Liquid Biopsy Analysis of FGFR3 and PIK3CA Hotspot Mutations for Disease Surveillance in Bladder Cancer

Abstract

Background

Disease surveillance in patients with bladder cancer is important for early diagnosis of progression and metastasis and for optimised treatment.

Objective

To develop urine and plasma assays for disease surveillance for patients with FGFR3 and PIK3CA tumour mutations.

Design, setting, and participants

Droplet digital polymerase chain reaction (ddPCR) assays were developed and tumour DNA from two patient cohorts was screened for FGFR3 and PIK3CA hotspot mutations. One cohort included 363 patients with non–muscle-invasive bladder cancer (NMIBC). The other cohort included 468 patients with bladder cancer undergoing radical cystectomy (Cx). Urine supernatants (NMIBC n = 216, Cx n = 27) and plasma samples (NMIBC n = 39, Cx n = 27) from patients harbouring mutations were subsequently screened using ddPCR assays.
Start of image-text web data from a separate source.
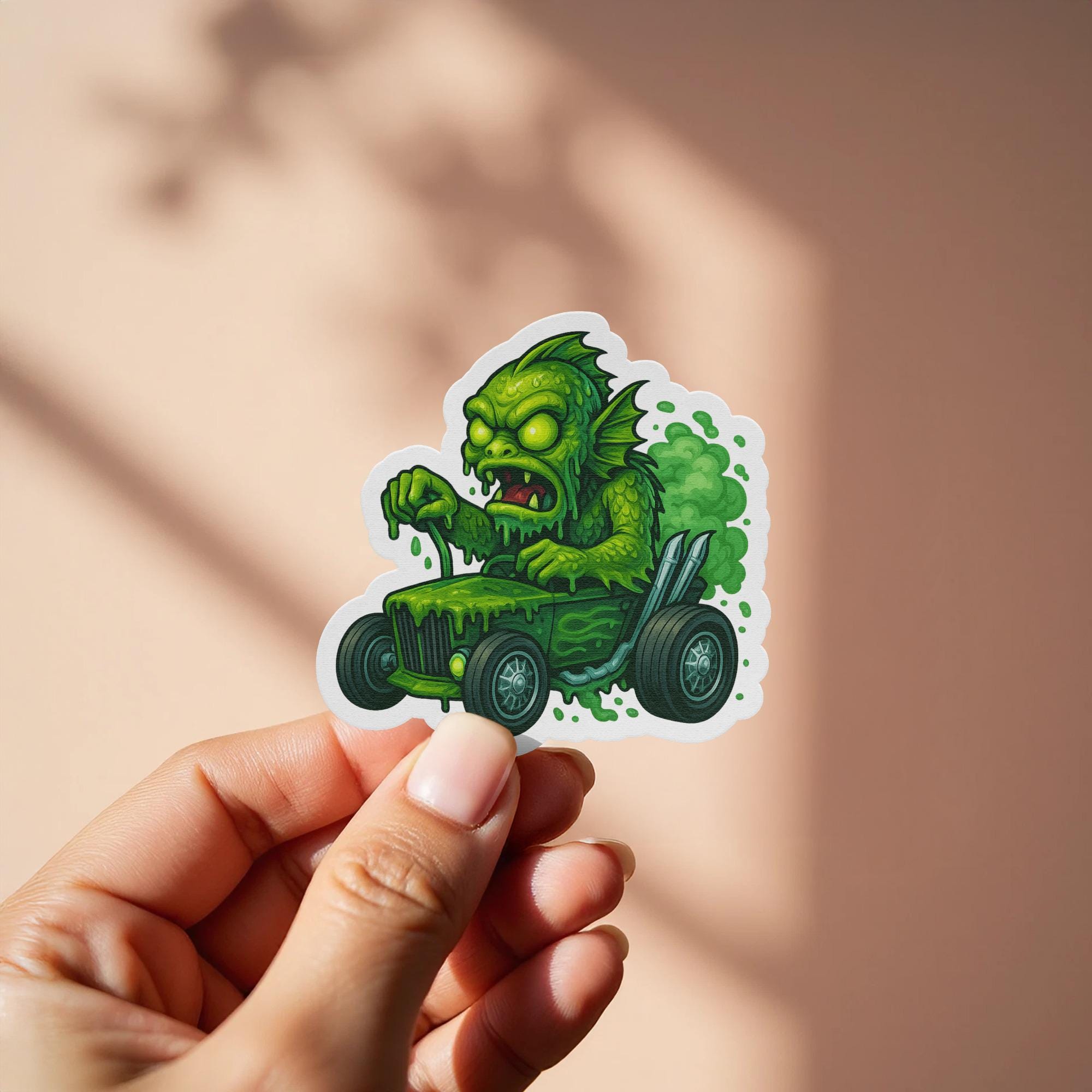 Creature From the Black Lagoon Sticker, Swamp Monster Boxcar Derby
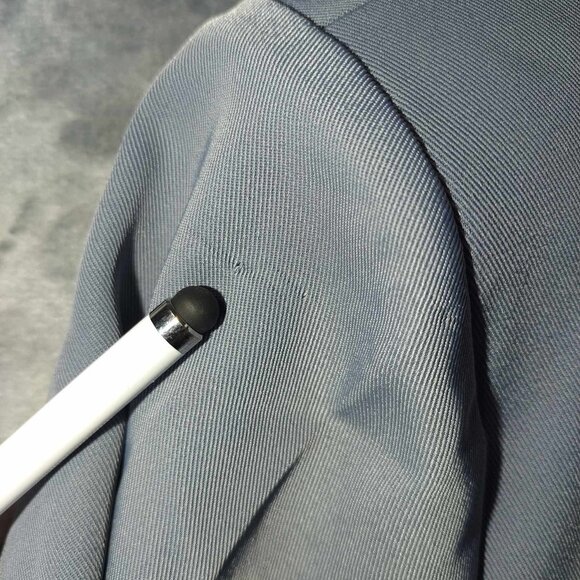 Urban Coco Womens XXL Grey Sophisticated Old Money Vintage Elegant Church Jacket - Picture 11 of 12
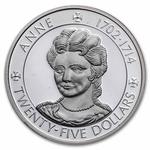 Twenty-five Dollars Silver 1977 Six Queens: Photo Coin, Cayman Islands, Twenty-five Dollars Silver 1977 Six Queens / thumbnail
Outcome measurements and statistical analysis

Progression-free survival, recurrence-free survival, and overall survival were measured. Fisher's exact test, the Wilcoxon rank-sum test and Cox regression analysis were applied.

Results and limitations

In total, 36% of the NMIBC patients (129/363) and 11% of the Cx patients (44/403) harboured at least one FGFR3 or PIK3CA mutation. Screening of DNA from serial urine supernatants from the NMIBC cohort revealed that high levels of tumour DNA (tDNA) were associated with later disease progression in NMIBC (p = 0.003). Furthermore, high levels of tDNA in plasma samples were associated with recurrence in the Cx cohort (p = 0.016). A positive correlation between tDNA levels in urine and plasma was observed (correlation coefficient 0.6). The retrospective study design and low volumes of plasma available for analysis were limitations of the study.

Conclusions

Increased levels of FGFR3 and PIK3CA mutated DNA in urine and plasma are indicative of later progression and metastasis in bladder cancer.

Patient summary

Urine and plasma from patients with bladder cancer may be monitored for diagnosis of progression and metastasis using mutation assays.

Introduction

Bladder cancer is a common malignancy, with an estimated 430 000 new cases and 165 000 deaths worldwide every year [1]. Approximately 75% of newly diagnosed patients present with non–muscle-invasive bladder cancer (NMIBC), which is characterised by a high recurrence rate and 5-yr survival of ∼90% [2]. Progression to muscle-invasive bladder cancer (MIBC) is observed in 10–30% of patients [3]. The 5-yr survival rate for patients with MIBC is ∼50% [4], while ∼50% develop metastasis [5], which is associated with a 5-yr survival of only ∼5% [6]. Patients are monitored over many years to detect disease progression and metastatic disease, with high costs for health care systems and massive discomfort for the patients [2], [7]. Clinical and histopathologic information is used for risk stratification of patients to follow-up programs, and for more accurate identification of disease aggressiveness. Numerous promising biomarkers have been identified, including genomic alterations and transcriptional subtypes [8], [9], [10]. Frequent activating (hotspot) mutations have been identified in the TERT promoter and in FGFR3 and PIK3CA [11], [12]. Multiple studies have focused on hotspot mutations and methylation markers for disease surveillance using urine sediments, mainly from NMIBC patients [13], [14]. However, no molecular tests have yet been implemented in clinic practice.

Cell-free tumour DNA in liquid biopsies (urine supernatant and plasma) may have huge biomarker potential. Tumour DNA (tDNA) is continually shed into the circulation along with DNA from normal cells. Even though tDNA constitutes a small fraction of the total DNA in the circulation, its short half-life makes it a promising marker of the tumour burden [15]. Cell-free tDNA in urine supernatant may originate from lysed tumour cells, but may also originate from renal clearance of cell-free DNA in plasma [16]. In a recent study, we showed that tumour-specific structural variants can be detected in both plasma and urine supernatant, even in patients with NMIBC, and at high levels in patients before progression to MIBC [17]. Studies of breast and colon cancer, for example, have primarily focused on plasma analyses and have shown that tDNA in plasma effectively predicts disease recurrence [18], [19]. However, these studies have collectively depended on designing patient-specific assays or applying costly next-generation sequencing approaches.

Here we developed droplet digital polymerase chain reaction (ddPCR) assays for hotspot FGFR3 and PIK3CA mutation detection in liquid biopsies. Longitudinally collected urine supernatants from patients with NMIBC were analysed to predict disease progression to MIBC, and preoperative plasma and urine samples were analysed to predict disease recurrence following cystectomy. We demonstrate that prediction of aggressiveness and surveillance of relapse in patients with hotspot FGFR3 or PIK3CA mutations may be possible using urine and plasma.